NO woman was killed (as movie makers are wont to reassure us) during the making of this column. But it was a damned close-run thing.

We were stood, the child bride and I, waiting for the Tour de Yorkshire bike race to sprint along the A65 into Ilkley following a fast descent down a hill known as the Cow and Calf when a great day out turned terrible.

An 80-year-old woman stepped off the kerb across the road from us and was clipped by a 40mph sprinter in a collision which sent both the spectator and half a dozen cyclists sprawling across the road. An awful groan went up from horrified spectators, followed by a fearful hush as the old woman was made comfortable at the kerbside.

Within minutes she was in an ambulance heading for A&E where she was detained with facial and arm injuries; the rider who struck her had to retire from the race with minor (but still painful) injuries.

What the poor woman had failed to realise was that the ten-second whirr of Lycra that had flashed before her eyes half a minute earlier was merely a leading group chasing two breakaway leaders and that the main body of the race - the peloton - was still some moments behind. That's what hit her.

It was a sickening moment, one which reminded Gemma of her own mother's hip-breaking fall in her mid-nineties which, for Audrey the Outlaw, had spelled the beginning of the end. Would this incident, we wondered later, be a similar precursor to decline of a life which, seconds earlier, had been for that woman so enjoyable in the company of her family? For me it was a reminder of the crashes in last year's Jim Clark Rally, an annual memorial to the Borders' much-loved twice-world champion racing driver, which left three spectators dead and half-adozen badly injured.

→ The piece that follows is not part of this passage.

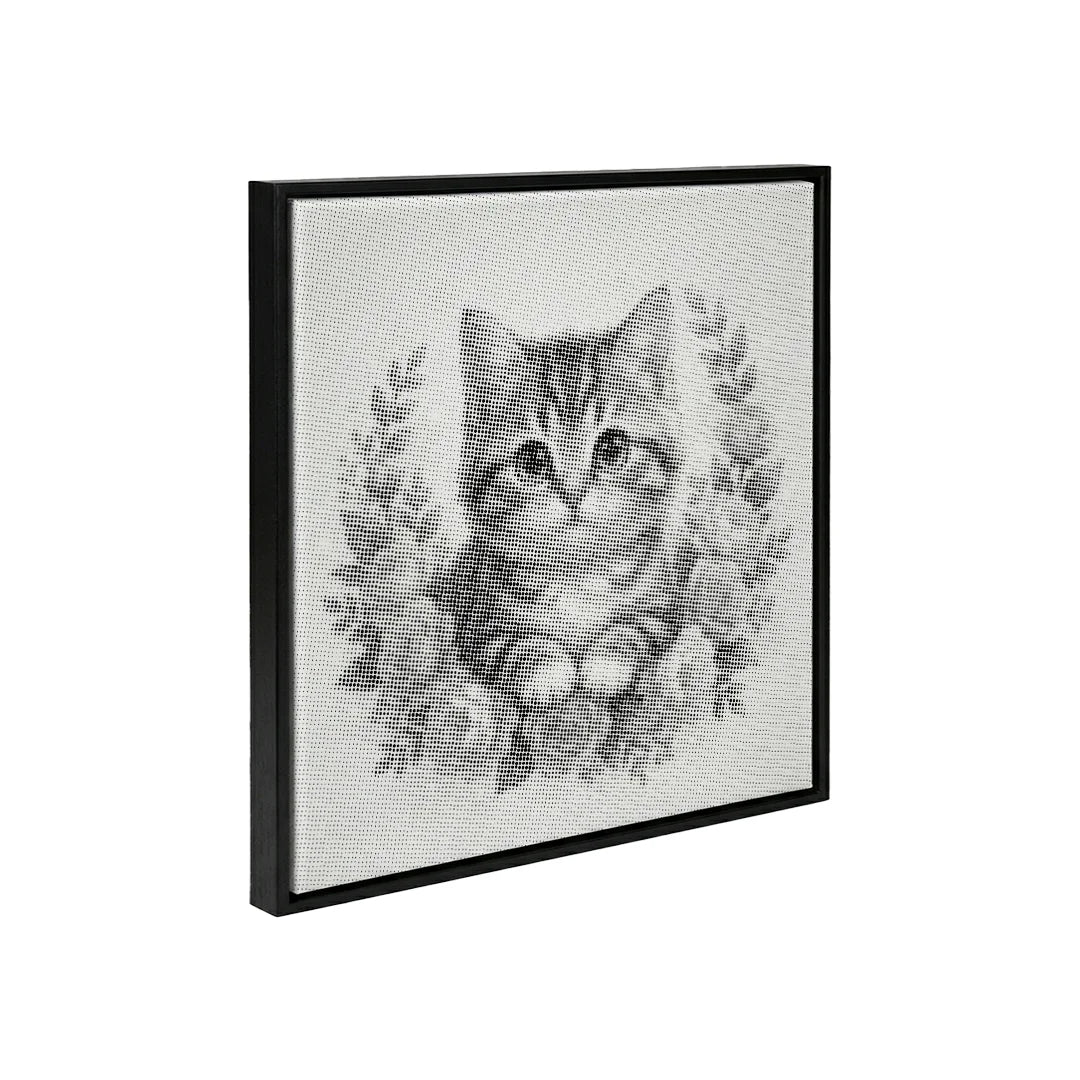 Chat avec des fleurs, peinture à 2 points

A high-speed race along tight Border B-roads watched by highspirited crowds without barrier protection is a disaster waiting to happen, insists the Elfin Safety Brigade. Perhaps so, but the other option - abandonment of tradition in favour of a squeaky-clean sanitisation of all things dubious - offers an altogether dimmer future: a sense of risk and fun lost and much-loved activities consigned, like Bonfire Night and foxhunting, to the dustbin of distant memory. …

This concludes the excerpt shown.